Writing now in Bautsch, to which we’ve returned. Steve hopes to do more research. This time, we drove in from the southeast rather than the southwest, as we did yesterday. The southeast road allows you to see the beautiful church with its twin onion towers on the hillside, the town nestled at its feet. It’s beautiful countryside, high fields of grain rolling to distant vistas with blue or fir-clad mountains all around.
Schloch/Slavkov: again, in the deep forest, which feels ominous on these days alternating between cloud, rain, and full sun (the latter now shining down on Budisov). It may at one time have been a beautiful “tief im Wald” place, but is now hideous. The army in Libava also apparently garrisoned here, and all the houses are gone. There are only ugly concrete apartment buildings and a dark wood town hall or train station, ominous looking.
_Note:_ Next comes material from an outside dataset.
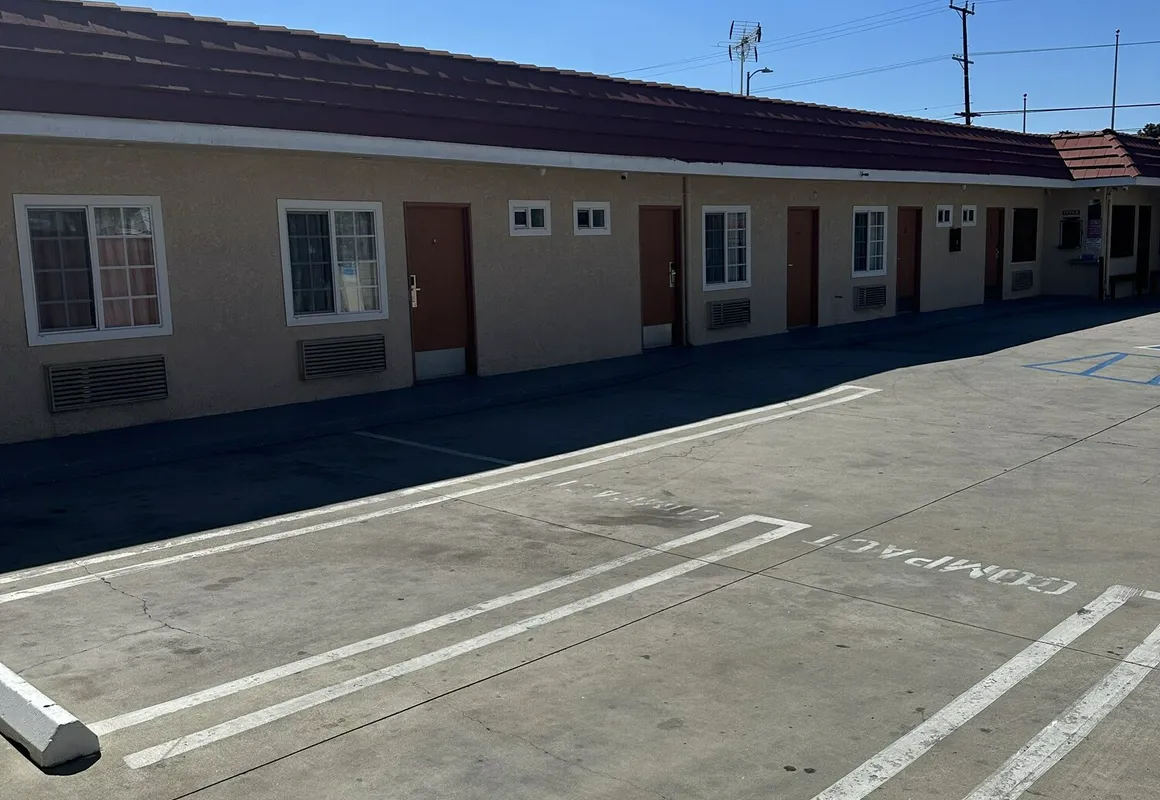 Twenty-First Century Inn hotel hero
As in Libava, people seem suspicious and unfriendly. I couldn’t wait to get away. There’s a plain dark-green cross marking the entry to the roadway leading to the town, making me think of massacres and mass burials in the woods, Nazi evil succeeded by Soviet deviltry.
The signs to Slavkov are turned backwards, with the one having a slash through it to greet you as you enter the town, the welcome sign facing you as you leave town. The whole place has a draconian feel to it, a word I choose deliberately in this area so close to mythic Transylvania and beset in the 1600s by witches and vampires.
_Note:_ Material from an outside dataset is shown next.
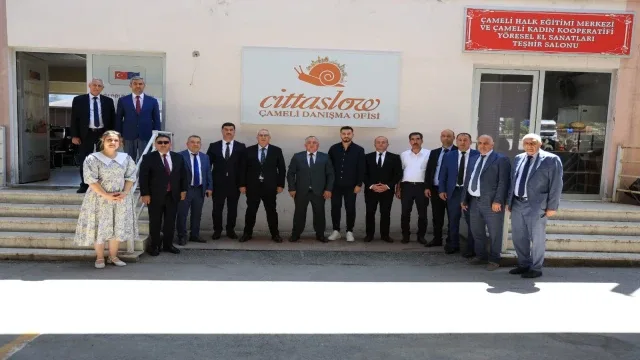 Azerbaycan heyeti Çameli’nin Sakin Şehir süreci hakkında bilgi aldı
Strdolesi/Mitwalde almost impossible to reach, only by a country road off the main highway. It’s idyllic, but, again, sad: very old buildings tumbling to the ground, that unkempt Slavic live-in-nature over-growth, geese and goats all over the village, something we’ve found in many of these small places.
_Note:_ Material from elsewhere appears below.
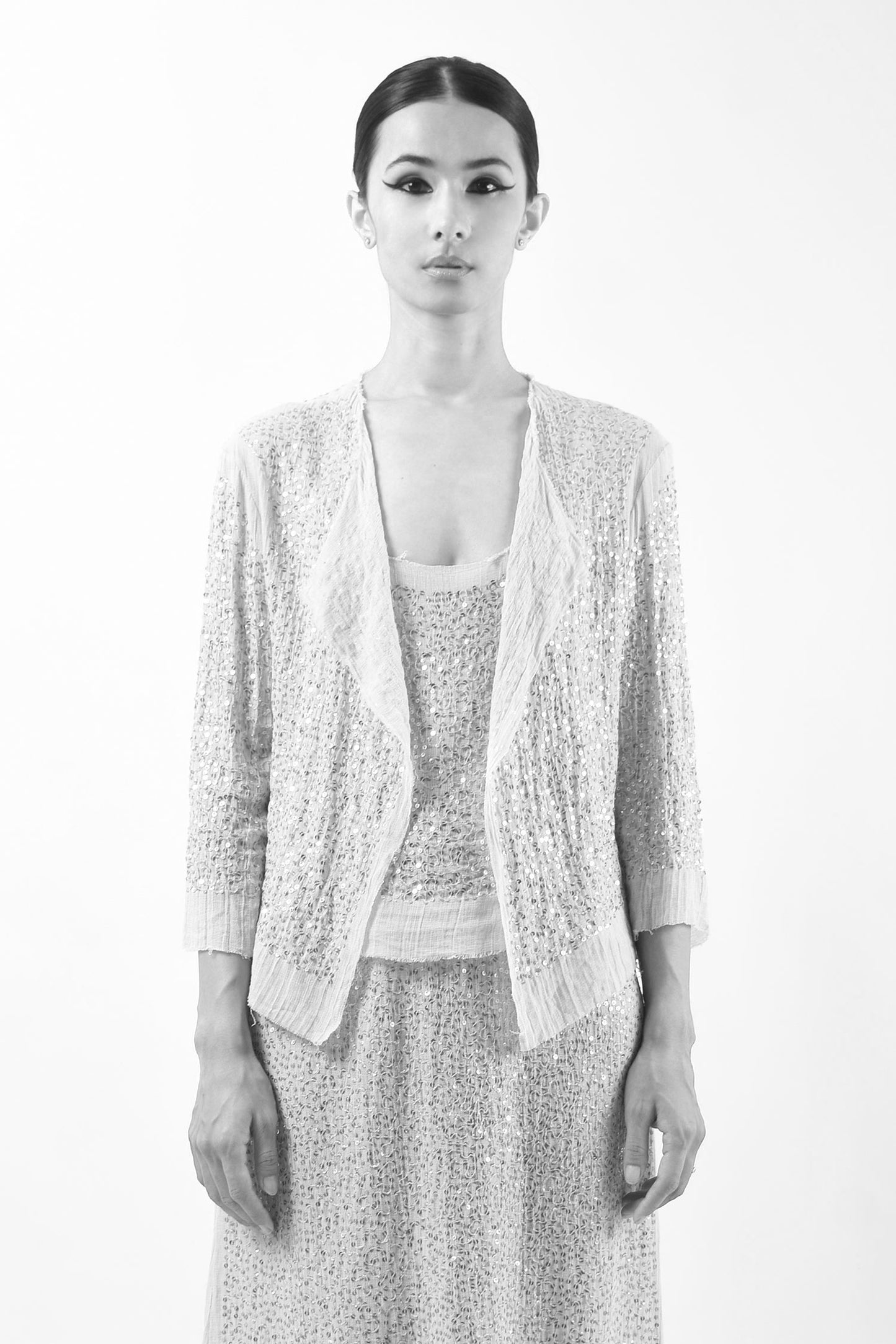 #977 Metal sequin cropped cardigan black/black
The old cemetery was in pitiful condition, the stones overturned and broken—seemingly deliberately so—and everything deep in wild foxglove, bramble, and dock. We found no Ripers, the family name Steve was looking for, but did find all German names and German inscriptions. All the roadside shrines—in this area, invariably crucifixes, many with the Madonna underneath—are in German.
What can the people living in these places think about their own mixed heritage? There were candles, tea lights, all around the cemetery. Someone obviously goes there to commemorate dead who can only be their ancestors.
Yet the same someones have desecrated the cemetery and want it to revert to the wild. A foul-smelling pond is right beside the place, surely no accident. It’s overlaid with green scum. Steve thought it might be the town’s sewerage treatment area. I doubt anyone treats sewerage here, frankly. But the stagnant water has to add insult to injury, right beside the desecrated graveyard.
We had to pick a poppy—beautiful, white with purple spots—from a nearby field to dispel the foul odor from our nostrils. May its peace-inducing qualities rest both our hearts and those of all people broken by history.
Recollection from yesterday: Steve kept reading from the Czech-English dictionary as we sat in the garden of the people across from the Schnirch house in Bautsch. Yet what he was reading was the phonetic transliteration of the English word, for Czech speakers.
It was hilarious, as when someone thinks that speaking in his/her own language, very slowly, with a foreign accent constitutes communicating with the natives. But how to tell him?
A beautiful last evening in Olomouc . Sunlight just right, air cool without being wet and cold. If I were a poet, a Rilke or a who?. I’d have just the words to paint the picture—few words, pithy and incised, pregnant with meaning. The clear evening light illuminates the soft Baroque colors, picks up every nuance of the carved cornices. I see for the first time why Stanislaw Chojnacki says leaving something unrestored is the better choice.
These, to me, are the best symbol of the region—its partly vanished but still present past, the trope partly emerging from the ruins, the evanescence of it all, on these borders where truth is always more evident in the self-proclaimed centers of power.